BLUE OCEAN DOMEの展示演出
BLUE OCEAN DOMEでは、「海の蘇生」というテーマのもと、水の循環をイメージした巨大立体アートの展示や、人間に汚染された海からのリアルな視点を直径10メートルに及ぶ超高精細の巨大半球スクリーンで鑑賞できます。建築を含め、環境汚染と保護についてひと味違う体験や気づきが得られる、興味深いパビリオンです。

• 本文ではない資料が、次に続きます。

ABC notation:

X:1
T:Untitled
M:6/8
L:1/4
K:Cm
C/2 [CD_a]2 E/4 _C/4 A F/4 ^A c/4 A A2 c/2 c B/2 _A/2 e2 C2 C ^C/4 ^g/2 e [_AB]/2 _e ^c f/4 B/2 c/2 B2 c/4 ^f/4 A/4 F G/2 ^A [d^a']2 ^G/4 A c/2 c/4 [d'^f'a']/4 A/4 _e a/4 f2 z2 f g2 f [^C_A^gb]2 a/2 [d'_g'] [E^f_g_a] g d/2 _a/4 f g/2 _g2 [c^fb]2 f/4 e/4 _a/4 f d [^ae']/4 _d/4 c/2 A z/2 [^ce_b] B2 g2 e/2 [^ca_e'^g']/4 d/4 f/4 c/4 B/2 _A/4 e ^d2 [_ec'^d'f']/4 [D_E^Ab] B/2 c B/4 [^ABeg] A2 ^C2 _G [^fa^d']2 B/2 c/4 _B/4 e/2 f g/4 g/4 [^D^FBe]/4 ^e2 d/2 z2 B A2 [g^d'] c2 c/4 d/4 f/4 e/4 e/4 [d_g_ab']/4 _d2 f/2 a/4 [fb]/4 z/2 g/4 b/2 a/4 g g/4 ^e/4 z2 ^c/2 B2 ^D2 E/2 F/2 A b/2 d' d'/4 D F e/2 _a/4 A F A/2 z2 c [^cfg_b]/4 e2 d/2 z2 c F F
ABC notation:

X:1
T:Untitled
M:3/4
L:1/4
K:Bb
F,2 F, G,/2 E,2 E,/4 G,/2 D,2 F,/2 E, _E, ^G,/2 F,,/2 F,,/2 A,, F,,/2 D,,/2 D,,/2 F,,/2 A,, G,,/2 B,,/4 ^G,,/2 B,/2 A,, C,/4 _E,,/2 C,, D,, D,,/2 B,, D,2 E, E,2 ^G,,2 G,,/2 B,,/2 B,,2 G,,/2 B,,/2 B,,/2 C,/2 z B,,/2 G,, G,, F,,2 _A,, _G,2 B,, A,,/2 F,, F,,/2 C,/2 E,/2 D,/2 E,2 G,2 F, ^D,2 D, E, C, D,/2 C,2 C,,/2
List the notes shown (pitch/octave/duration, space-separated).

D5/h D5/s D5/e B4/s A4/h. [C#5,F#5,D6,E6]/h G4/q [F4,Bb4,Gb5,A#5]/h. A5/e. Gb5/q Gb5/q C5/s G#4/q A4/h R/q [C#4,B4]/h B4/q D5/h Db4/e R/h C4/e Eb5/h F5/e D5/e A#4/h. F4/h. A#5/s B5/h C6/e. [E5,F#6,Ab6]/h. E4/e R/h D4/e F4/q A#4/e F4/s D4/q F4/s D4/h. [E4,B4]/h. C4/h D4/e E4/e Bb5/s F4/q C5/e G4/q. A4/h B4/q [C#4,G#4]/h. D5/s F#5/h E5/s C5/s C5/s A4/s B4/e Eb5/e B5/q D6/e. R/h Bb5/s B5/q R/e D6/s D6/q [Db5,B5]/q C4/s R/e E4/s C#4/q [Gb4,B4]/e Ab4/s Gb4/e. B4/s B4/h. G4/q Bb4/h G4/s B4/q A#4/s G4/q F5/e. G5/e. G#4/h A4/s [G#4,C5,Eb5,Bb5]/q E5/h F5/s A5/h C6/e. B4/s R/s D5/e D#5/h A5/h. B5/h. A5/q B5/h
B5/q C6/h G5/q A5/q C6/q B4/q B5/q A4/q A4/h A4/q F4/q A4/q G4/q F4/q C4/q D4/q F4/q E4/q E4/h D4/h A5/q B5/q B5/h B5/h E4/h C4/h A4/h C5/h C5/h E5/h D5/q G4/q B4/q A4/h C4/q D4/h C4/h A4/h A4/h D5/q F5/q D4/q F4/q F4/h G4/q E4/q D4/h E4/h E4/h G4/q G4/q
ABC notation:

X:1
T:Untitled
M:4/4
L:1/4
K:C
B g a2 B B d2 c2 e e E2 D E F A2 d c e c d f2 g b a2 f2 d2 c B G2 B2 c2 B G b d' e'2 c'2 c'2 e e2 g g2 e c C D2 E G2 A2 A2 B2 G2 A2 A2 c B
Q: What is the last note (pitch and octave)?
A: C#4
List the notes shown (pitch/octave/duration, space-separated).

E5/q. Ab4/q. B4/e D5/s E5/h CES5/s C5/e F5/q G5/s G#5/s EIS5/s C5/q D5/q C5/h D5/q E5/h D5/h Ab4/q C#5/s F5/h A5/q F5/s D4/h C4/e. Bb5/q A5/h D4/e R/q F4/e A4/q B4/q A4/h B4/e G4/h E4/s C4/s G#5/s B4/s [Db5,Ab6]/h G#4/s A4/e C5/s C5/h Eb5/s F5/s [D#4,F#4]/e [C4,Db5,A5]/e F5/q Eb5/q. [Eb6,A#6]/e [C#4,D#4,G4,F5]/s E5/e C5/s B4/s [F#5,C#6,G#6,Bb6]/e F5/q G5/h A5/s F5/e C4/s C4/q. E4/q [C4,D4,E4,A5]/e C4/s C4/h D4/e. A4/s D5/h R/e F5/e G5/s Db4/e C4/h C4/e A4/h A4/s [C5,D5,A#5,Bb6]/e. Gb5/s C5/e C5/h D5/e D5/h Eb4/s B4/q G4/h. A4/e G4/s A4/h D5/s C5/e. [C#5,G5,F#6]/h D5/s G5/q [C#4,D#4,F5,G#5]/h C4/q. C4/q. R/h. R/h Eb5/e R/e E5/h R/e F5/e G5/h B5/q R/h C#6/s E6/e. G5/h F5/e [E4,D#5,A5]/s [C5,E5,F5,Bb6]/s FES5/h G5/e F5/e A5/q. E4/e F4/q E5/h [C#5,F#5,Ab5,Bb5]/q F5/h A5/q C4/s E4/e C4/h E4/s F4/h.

以上、建築家・坂茂氏が設計した「海のパビリオン」のご紹介でした。
美しい地球の海を守り、自然と共生する新しい建築技術。最新テクノロジーが注目される中、紙の無限の可能性が、あらためて“万博”という世界的な舞台で示されています。2025年日本国際博覧会、通称「大阪・関西万博」の開催は10月13日まで。そこまでに観に行ける人は、ぜひ海のパビリオンを鑑賞してみてください!